If your thinking of ways to make the transition back to the civilized world and you are interested in the field of technology, you have the opportunity to use your generous GI Bill benefits to kick start your career.
About The New GI Bill and Montgomery Bill
In July of 2008, the new Post 9/11 GI Bill was signed into law and the benefits have been described as highly robust. Of course, the benefits are tiered based on the amount of days served on active duty. In general, the benefits are for service members and veterans who would like to attend education and training programs through an accredited school. You must have served as a member of the Armed Forces, National Guard, or Reserves for a minimum of 90 days after September 10, 2001.
The new benefits of the Post 9/11 bill include:
- Up to 100% coverage of tuition and fees.
- A monthly living (housing) payment.
- Up to $1000 per year for books and supplies.
- A one time relocation allowance if you want to relocate to attend a school.
- An option to transfer benefits to other family members.
This is not an exhaustive list of the benefits; however, it does highlight some of the most important aspects of the bill. If you are going to pursue a degree completely online or through a distance learning program, you may not be eligible for the housing stipend. You can inquire about your personal benefits eligibility by calling the Department of Veteran’s Affairs hotline at 1-888-GIBILL-1.
The Montgomery Bill
The Montgomery Bill is similar to the GI Bill, but it is specifically for those who have agreed to be on the Reserves programs for a period of 6 years. It doesn’t require that you have actual service in the Armed Forces in order to qualify. You can use your benefits to attend both traditional colleges and universities as well as Technical Schools and colleges that offer IT programs. In addition to the education fees, the Montgomery Bill will also cover any certifications or licenses needed in order to get a job in the civilian world.

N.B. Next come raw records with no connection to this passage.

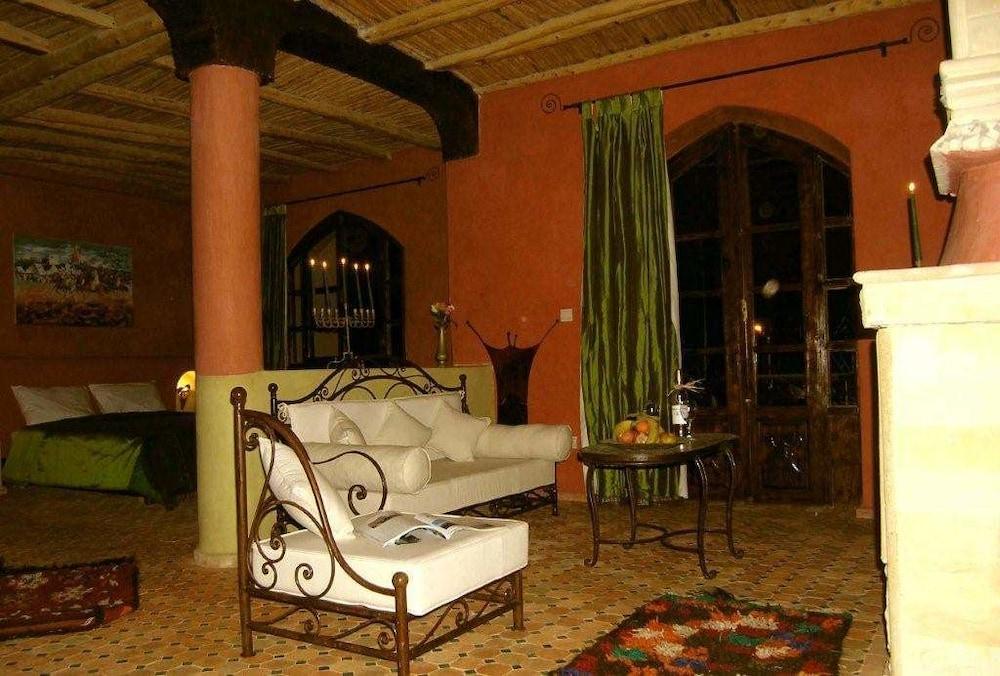 Hotel Orson Welles Essaouira Exterior photo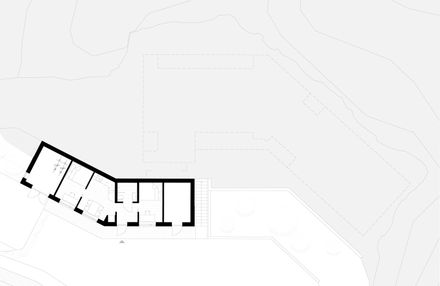 Klåva House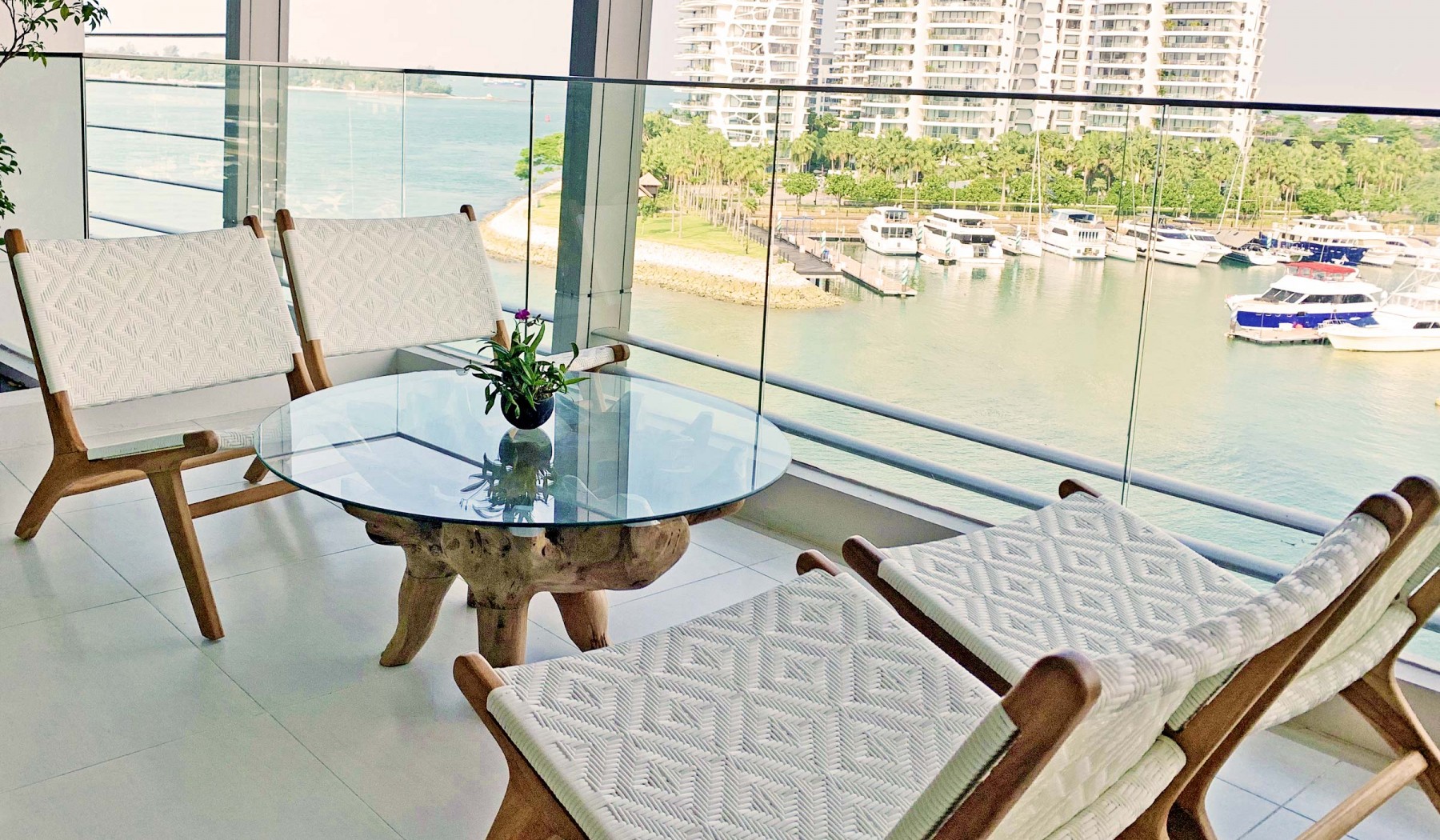 Inbali Online Balinese Furniture Shop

Why Military Technology Skills Translates into an IT Degree
Many of the duties performed while in the military are centered around the use and application of different forms of technology. Serving in the military is often cited as a kind of testing ground for the use of one’s skills out in the field where one can “try on” different types of jobs that might suit their interests and skills in the civilian world. Those who have enjoyed using technology skills in the military have found potential for a civilian career in information technology.
It can be frustrating to learn that even though you have work experience using IT skills in the military, many employers in the civilian realm are unsure how it translates into the type of job candidate they need for a particular job. This is where completing a formal education to supplement your experience is the necessary ingredient to your success. Once you complete your IT degree, you will have the advantage of being able to show both formal education and applied experience on your resume.
Some of the more common transitions into IT careers using military experience occur in the sub field of Computer Forensics, IT Project Management, and Computer Networking, just to name a few. The military often conducts it’s own investigations into matters using computer forensics. Forensics is the use and application of technology to solve crimes. Other options include Information Security, Graphic Design, and Multimedia. The military works closely with private companies to develop 3-D interactive training software.
All of these possibilities within the field of Information Technology are within your reach with the generous benefits of your post 9/11 GI and Montgomery Bill. Be sure to take advantage of them and get your career started.